# Animal Classification & NER Pipeline Demo

This notebook demonstrates the complete pipeline for:
1. **Image Classification** - classifying animal images using a fine-tuned VGG16 model
2. **Named Entity Recognition (NER)** - extracting animal names from text using a custom spaCy model
3. **Verification Pipeline** - checking if the animal in the image matches animals mentioned in the text

---

## Setup and Imports

First, let's import all necessary modules and set up paths.

In [1]:
import os
import logging

from classifier.infer_classifier import classify_image
from ner.infer_ner import extract_animals

# Setup logging
logging.basicConfig(
    level=logging.INFO,
    format="%(asctime)s [%(levelname)s] %(message)s"
)
logger = logging.getLogger(__name__)

# Define paths
CLASSIFIER_MODEL_PATH = 'classifier/model/classifier_model.keras'
NER_MODEL_PATH = 'ner/model/'
TEST_IMAGES_DIR = 'classifier/eval_dataset/'

2025-10-06 23:27:35.341269: I tensorflow/core/platform/cpu_feature_guard.cc:210] This TensorFlow binary is optimized to use available CPU instructions in performance-critical operations.
To enable the following instructions: AVX2 FMA, in other operations, rebuild TensorFlow with the appropriate compiler flags.


---

## Part 1: Image Classification Demo

### Standard Case
Testing the classifier with a clear animal image.

In [3]:
# Example 1: Standard case - clear animal image
image_path = os.path.join(TEST_IMAGES_DIR, 'chimpanzee_0.jpeg')

predicted_animal, confidence = classify_image(image_path, CLASSIFIER_MODEL_PATH)

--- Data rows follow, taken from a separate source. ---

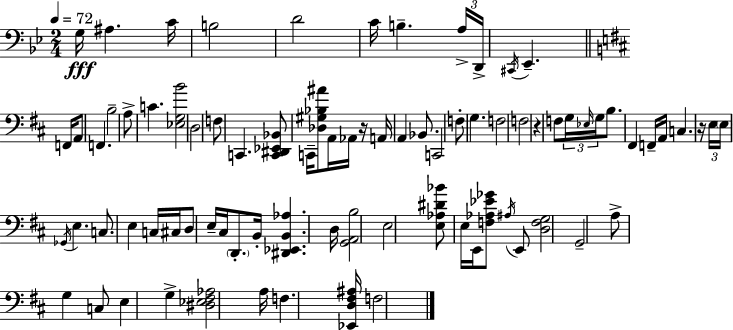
X:1
T:Untitled
M:2/4
L:1/4
K:Bb
G,/4 ^A, C/4 B,2 D2 C/4 B, A,/4 D,,/4 ^C,,/4 _E,, F,,/4 A,,/2 F,, B,2 A,/2 C [_E,G,B]2 D,2 F,/2 C,, [C,,^D,,_E,,_B,,]/2 C,,/4 [_D,^G,_B,^A]/2 A,,/4 _A,,/4 z/4 A,,/4 A,, _B,,/2 C,,2 F,/2 G, F,2 F,2 z F,/2 G,/4 _E,/4 G,/4 B,/2 ^F,, F,,/4 A,,/4 C, z/4 E,/4 E,/4 _G,,/4 E, C,/2 E, C,/4 ^C,/4 D,/2 E,/4 ^C,/4 D,,/2 B,,/4 [^D,,_E,,B,,_A,] D,/4 [G,,A,,B,]2 E,2 [E,_A,^D_B]/2 E,/4 E,,/4 [F,_A,_E_G]/2 ^A,/4 E,,/2 [D,F,G,]2 G,,2 A,/2 G, C,/2 E, G, [^D,_E,^F,_A,]2 A,/4 F, [_E,,D,^F,^A,]/4 F,2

print(f"Image: {image_path}")
print(f"Predicted animal: {predicted_animal}")
print(f"Confidence: {confidence:.2%}")

# Display the image
from IPython.display import Image, display
display(Image(filename=image_path, width=300))

I0000 00:00:1759758599.126850 26007218 service.cc:145] XLA service 0x60000112b500 initialized for platform Host (this does not guarantee that XLA will be used). Devices:
I0000 00:00:1759758599.128311 26007218 service.cc:153]   StreamExecutor device (0): Host, Default Version
2025-10-06 16:49:59.131206: I tensorflow/core/platform/cpu_feature_guard.cc:210] This TensorFlow binary is optimized to use available CPU instructions in performance-critical operations.
To enable the following instructions: AVX2 FMA, in other operations, rebuild TensorFlow with the appropriate compiler flags.
2025-10-06 16:49:59.227859: I tensorflow/compiler/mlir/tensorflow/utils/dump_mlir_util.cc:268] disabling MLIR crash reproducer, set env var `MLIR_CRASH_REPRODUCER_DIRECTORY` to enable.
I0000 00:00:1759758600.068755 26007218 device_compiler.h:188] Compiled cluster using XLA!  This line is logged at most once for the lifetime of the process.

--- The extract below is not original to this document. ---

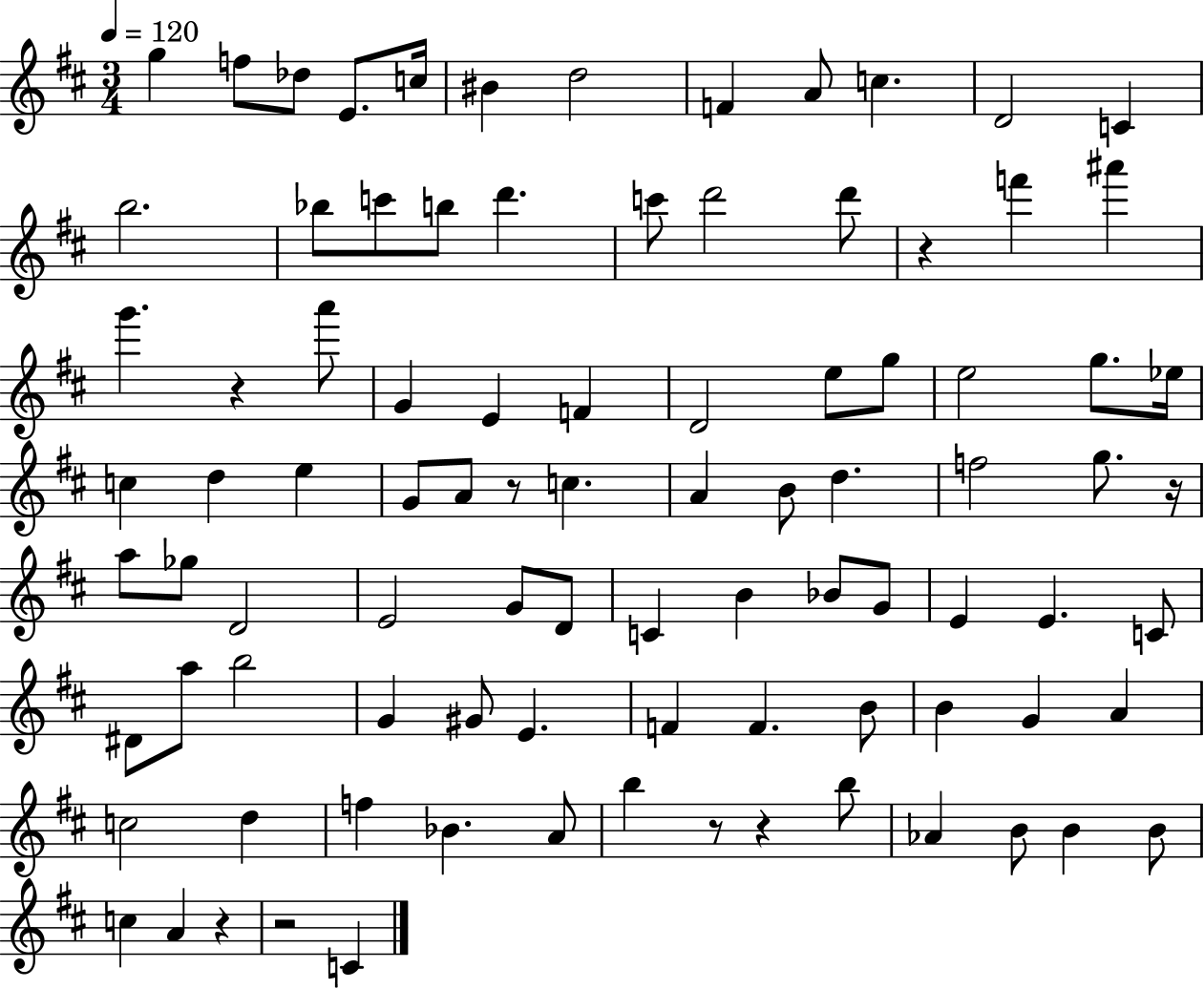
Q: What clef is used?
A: treble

Image: classifier/eval_dataset/chimpanzee_0.jpeg
Predicted animal: chimpanzee
Confidence: 100.00%


<IPython.core.display.Image object>

### Edge Case 1: Low Quality Image
Testing with a blurry or low-resolution image.

In [4]:
# Example 2: Edge case - low quality/blurry image
image_path = os.path.join(TEST_IMAGES_DIR, 'blurry_coyote.jpeg')

predicted_animal, confidence = classify_image(image_path, CLASSIFIER_MODEL_PATH)

print(f"Image: {image_path}")
print(f"Predicted animal: {predicted_animal}")
print(f"Confidence: {confidence:.2%}")
print(f"\nNote: Lower confidence expected for low-quality images")

display(Image(filename=image_path, width=300))

Image: classifier/eval_dataset/blurry_coyote.jpeg
Predicted animal: coyote
Confidence: 63.23%

Note: Lower confidence expected for low-quality images


<IPython.core.display.Image object>

### Edge Case 2: Partial Animal Visibility
Testing when only part of the animal is visible.

In [7]:
# Example 3: Edge case - partially visible animal
image_path = os.path.join(TEST_IMAGES_DIR, 'partial_animal.jpeg')

predicted_animal, confidence = classify_image(image_path, CLASSIFIER_MODEL_PATH)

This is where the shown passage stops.